TASK >> When the line containing "TEMPE, ARIZONA - MARCH" appears in the entries below, begin printing there and stop after the line containing "به سبک نئون"; print each of those lines exactly and no other line.

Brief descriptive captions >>
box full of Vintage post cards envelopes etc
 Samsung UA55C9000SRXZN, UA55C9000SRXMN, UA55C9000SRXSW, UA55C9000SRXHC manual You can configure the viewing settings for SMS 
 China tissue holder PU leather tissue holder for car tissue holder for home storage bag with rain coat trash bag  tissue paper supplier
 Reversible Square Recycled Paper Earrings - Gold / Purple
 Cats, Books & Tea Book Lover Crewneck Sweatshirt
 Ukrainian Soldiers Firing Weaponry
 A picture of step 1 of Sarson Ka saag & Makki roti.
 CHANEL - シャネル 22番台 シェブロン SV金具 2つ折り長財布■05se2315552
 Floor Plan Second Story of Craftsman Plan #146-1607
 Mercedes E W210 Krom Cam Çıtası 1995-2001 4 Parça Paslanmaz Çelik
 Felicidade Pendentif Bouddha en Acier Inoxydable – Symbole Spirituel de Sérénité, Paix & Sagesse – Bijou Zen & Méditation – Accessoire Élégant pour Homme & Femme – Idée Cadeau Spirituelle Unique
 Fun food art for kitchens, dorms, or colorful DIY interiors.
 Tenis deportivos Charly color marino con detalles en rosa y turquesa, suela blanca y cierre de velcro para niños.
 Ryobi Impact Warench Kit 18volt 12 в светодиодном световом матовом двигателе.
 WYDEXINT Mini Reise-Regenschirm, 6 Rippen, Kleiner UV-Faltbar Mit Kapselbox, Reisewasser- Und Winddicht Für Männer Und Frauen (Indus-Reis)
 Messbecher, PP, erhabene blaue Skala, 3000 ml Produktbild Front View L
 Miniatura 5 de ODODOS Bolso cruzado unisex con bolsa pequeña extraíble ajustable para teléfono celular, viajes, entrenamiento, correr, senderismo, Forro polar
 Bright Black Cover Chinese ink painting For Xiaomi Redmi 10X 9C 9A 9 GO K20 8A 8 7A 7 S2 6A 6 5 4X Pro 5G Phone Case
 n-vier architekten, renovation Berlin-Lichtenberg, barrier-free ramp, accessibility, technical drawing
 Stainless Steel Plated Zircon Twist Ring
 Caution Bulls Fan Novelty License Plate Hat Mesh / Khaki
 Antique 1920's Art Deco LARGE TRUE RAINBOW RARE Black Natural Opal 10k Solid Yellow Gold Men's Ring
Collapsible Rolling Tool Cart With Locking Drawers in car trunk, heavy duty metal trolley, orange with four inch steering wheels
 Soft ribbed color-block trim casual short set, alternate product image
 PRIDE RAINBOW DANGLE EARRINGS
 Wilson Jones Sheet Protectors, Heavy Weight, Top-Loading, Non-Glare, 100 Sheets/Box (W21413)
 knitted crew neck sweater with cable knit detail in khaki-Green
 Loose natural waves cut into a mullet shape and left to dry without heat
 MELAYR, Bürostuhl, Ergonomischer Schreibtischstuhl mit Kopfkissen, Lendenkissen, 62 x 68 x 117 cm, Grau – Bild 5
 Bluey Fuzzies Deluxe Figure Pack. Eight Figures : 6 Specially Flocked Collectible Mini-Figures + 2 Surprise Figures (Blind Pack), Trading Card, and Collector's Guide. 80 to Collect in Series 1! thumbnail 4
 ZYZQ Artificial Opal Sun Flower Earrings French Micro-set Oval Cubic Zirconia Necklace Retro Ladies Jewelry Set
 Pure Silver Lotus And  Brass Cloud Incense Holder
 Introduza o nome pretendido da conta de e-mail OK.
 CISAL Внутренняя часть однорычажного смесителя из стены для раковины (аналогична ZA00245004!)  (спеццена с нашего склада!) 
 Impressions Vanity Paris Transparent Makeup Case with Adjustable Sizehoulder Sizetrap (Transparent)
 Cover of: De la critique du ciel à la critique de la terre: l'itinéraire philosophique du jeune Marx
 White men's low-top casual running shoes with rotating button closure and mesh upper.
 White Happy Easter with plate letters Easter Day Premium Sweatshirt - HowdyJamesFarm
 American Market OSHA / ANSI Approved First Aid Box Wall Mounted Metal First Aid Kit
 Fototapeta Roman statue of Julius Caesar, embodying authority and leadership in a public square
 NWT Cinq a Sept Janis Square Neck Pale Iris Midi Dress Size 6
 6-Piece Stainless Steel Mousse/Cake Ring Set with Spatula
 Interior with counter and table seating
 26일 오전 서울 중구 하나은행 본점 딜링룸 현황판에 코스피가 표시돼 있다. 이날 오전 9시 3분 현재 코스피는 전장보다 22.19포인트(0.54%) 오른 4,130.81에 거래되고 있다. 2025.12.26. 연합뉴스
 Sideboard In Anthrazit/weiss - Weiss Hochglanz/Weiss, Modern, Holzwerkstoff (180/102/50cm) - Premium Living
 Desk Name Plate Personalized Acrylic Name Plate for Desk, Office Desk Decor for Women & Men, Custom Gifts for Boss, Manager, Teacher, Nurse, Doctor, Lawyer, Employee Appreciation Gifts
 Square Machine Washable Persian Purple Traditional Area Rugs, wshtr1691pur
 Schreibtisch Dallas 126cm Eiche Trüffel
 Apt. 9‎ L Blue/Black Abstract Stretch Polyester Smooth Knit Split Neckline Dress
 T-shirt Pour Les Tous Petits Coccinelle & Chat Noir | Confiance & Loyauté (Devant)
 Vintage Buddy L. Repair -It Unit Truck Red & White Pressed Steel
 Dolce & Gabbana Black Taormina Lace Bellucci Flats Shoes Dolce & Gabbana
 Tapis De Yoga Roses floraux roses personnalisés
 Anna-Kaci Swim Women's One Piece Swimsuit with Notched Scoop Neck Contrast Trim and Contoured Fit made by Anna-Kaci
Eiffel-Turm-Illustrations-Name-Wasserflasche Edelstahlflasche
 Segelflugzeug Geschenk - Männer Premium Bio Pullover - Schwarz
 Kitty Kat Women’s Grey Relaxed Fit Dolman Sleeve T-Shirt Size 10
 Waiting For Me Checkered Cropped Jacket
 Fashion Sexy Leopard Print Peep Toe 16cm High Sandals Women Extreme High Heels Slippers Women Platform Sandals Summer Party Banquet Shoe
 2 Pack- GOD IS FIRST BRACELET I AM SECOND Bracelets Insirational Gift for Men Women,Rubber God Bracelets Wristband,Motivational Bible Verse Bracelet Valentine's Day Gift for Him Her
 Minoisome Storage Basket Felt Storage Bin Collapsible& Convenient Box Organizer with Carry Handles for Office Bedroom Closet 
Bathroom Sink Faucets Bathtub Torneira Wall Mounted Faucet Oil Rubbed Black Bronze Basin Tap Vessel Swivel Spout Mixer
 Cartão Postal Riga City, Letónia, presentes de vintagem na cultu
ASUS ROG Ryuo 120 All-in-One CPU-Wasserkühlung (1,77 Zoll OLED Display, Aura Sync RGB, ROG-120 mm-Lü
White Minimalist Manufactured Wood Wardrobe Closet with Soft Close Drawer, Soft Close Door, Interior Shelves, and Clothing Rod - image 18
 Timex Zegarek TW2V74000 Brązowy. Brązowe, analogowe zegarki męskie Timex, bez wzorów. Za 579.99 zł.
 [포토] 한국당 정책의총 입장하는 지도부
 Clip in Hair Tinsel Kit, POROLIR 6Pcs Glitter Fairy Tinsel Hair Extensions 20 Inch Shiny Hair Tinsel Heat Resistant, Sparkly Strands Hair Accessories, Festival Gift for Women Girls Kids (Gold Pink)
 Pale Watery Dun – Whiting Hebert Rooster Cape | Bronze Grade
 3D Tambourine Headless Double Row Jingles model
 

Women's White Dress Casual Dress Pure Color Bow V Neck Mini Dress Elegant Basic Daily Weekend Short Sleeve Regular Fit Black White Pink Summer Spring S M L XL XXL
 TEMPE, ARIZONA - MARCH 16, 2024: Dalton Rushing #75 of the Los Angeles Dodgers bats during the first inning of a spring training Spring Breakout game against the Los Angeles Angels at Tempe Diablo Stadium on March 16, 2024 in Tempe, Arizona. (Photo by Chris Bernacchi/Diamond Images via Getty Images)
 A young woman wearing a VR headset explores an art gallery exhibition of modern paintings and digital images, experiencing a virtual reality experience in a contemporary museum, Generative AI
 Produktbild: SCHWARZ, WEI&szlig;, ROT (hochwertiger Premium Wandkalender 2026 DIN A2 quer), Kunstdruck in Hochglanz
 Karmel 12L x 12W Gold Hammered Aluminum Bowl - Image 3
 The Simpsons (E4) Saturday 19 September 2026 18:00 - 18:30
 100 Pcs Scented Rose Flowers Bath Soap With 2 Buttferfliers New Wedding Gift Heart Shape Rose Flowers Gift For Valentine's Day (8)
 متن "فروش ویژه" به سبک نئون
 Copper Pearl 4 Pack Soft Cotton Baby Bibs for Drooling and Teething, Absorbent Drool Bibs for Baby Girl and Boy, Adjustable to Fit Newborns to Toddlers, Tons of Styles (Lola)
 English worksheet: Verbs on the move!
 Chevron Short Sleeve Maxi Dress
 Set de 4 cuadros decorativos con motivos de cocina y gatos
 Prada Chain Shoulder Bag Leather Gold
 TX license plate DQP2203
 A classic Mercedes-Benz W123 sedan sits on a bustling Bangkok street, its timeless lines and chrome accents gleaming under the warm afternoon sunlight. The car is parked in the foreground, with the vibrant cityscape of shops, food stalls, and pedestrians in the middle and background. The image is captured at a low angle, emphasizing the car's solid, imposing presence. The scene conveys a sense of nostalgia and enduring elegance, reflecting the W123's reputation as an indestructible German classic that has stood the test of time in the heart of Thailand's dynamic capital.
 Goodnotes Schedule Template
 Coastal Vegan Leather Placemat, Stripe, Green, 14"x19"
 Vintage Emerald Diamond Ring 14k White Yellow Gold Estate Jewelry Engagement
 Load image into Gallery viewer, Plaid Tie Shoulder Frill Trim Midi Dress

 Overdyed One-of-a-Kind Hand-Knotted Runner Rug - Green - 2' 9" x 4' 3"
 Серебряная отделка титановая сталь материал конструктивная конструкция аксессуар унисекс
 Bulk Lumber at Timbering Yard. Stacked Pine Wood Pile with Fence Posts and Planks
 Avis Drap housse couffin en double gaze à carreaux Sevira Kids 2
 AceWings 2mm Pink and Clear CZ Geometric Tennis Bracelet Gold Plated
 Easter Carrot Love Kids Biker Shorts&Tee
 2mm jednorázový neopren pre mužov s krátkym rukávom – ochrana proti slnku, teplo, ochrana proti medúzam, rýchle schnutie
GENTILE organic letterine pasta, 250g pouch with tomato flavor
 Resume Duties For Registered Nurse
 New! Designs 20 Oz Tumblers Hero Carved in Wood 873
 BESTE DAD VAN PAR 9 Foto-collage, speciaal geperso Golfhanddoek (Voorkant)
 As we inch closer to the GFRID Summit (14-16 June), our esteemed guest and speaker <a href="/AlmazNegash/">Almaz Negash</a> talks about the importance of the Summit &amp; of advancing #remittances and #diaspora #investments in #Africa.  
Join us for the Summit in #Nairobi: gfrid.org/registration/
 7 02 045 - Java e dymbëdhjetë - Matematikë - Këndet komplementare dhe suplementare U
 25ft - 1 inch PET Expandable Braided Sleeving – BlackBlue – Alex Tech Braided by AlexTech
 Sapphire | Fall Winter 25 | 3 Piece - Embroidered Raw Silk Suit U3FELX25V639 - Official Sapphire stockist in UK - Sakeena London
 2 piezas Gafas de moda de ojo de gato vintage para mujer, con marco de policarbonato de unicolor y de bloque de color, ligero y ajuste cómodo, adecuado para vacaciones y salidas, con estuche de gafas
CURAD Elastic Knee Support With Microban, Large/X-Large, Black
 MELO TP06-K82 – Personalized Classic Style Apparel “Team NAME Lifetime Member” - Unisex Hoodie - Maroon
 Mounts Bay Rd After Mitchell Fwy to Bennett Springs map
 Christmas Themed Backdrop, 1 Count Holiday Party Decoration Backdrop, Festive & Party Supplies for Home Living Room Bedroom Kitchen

WRITTEN REPLY >>
 TEMPE, ARIZONA - MARCH 16, 2024: Dalton Rushing #75 of the Los Angeles Dodgers bats during the first inning of a spring training Spring Breakout game against the Los Angeles Angels at Tempe Diablo Stadium on March 16, 2024 in Tempe, Arizona. (Photo by Chris Bernacchi/Diamond Images via Getty Images)
 A young woman wearing a VR headset explores an art gallery exhibition of modern paintings and digital images, experiencing a virtual reality experience in a contemporary museum, Generative AI
 Produktbild: SCHWARZ, WEI&szlig;, ROT (hochwertiger Premium Wandkalender 2026 DIN A2 quer), Kunstdruck in Hochglanz
 Karmel 12L x 12W Gold Hammered Aluminum Bowl - Image 3
 The Simpsons (E4) Saturday 19 September 2026 18:00 - 18:30
 100 Pcs Scented Rose Flowers Bath Soap With 2 Buttferfliers New Wedding Gift Heart Shape Rose Flowers Gift For Valentine's Day (8)
 متن "فروش ویژه" به سبک نئون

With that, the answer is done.